Timeline is the second compilation album by Dutch progressive metal project Ayreon. It was released in November 2008 in Europe. It was also released in North America in early 2009. The album features three CDs containing selected songs from all Ayreon albums, and a DVD featuring live performances, video clips and behind-the-scenes.

The third CD also features a song, called "Epilogue: The Memory Remains", specifically written for the release, which provides further insight into the final chapter of the Ayreon concept and the probable future of its characters. Jasper Steverlinck, singer of Arid, made a guest appearance as the vocalist of the song. He would later be invited by Arjen to sing on his new side project Guilt Machine.

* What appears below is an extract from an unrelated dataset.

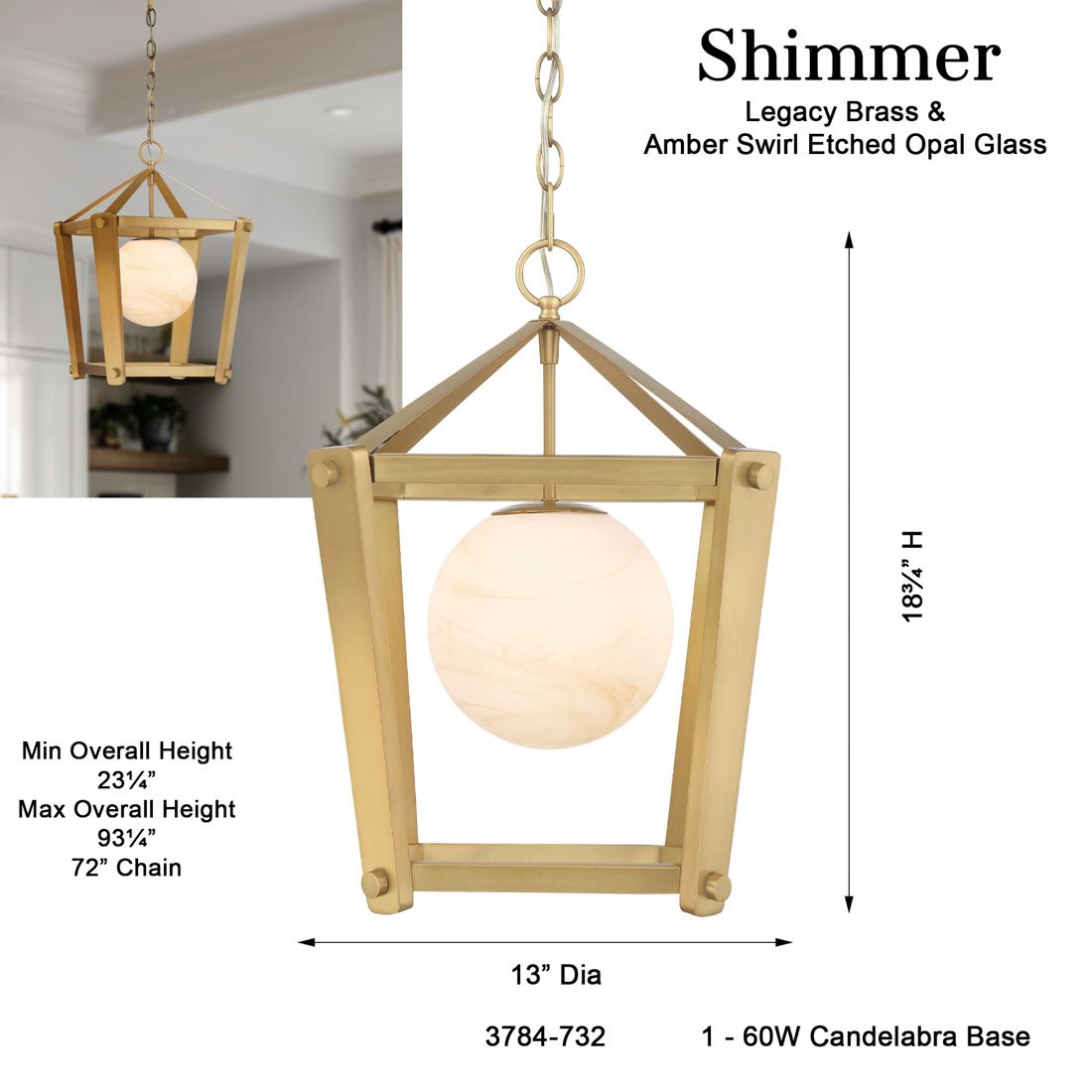 Minka-Lavery Shimmer 1-Light 13-in Legacy Brass Pendant with Glass Shade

Many songs were remastered for this release. Apart from the CDs and DVD, a timeline poster illustrating the Ayreon universe and a booklet containing new photos, lyrics, and notes on the story are also available in the Timeline package.

Background 
Arjen A. Lucassen said that he hadn't released a compilation album before because he didn't want to reunite random chapters of a whole history in a single album. However, after connecting all other Ayreon releases in the album 01011001, he changed his mind and decided to create the album, which can be described as a timeline outlining the entire story. As the album will feature a summarized version of Ayreon's concept, one can deduce that the concept has come to an end. Therefore, concerning Ayreon's future, Arjen stated: "I don't see this as the end of Ayreon, but rather as a new beginning. I'll definitely be recording some side projects before I even start thinking about re-inventing Ayreon. To keep things fresh for myself I've got to come up with a completely new concept for both the music and the lyrics. I hope I can do it...it will definitely be quite a challenge!"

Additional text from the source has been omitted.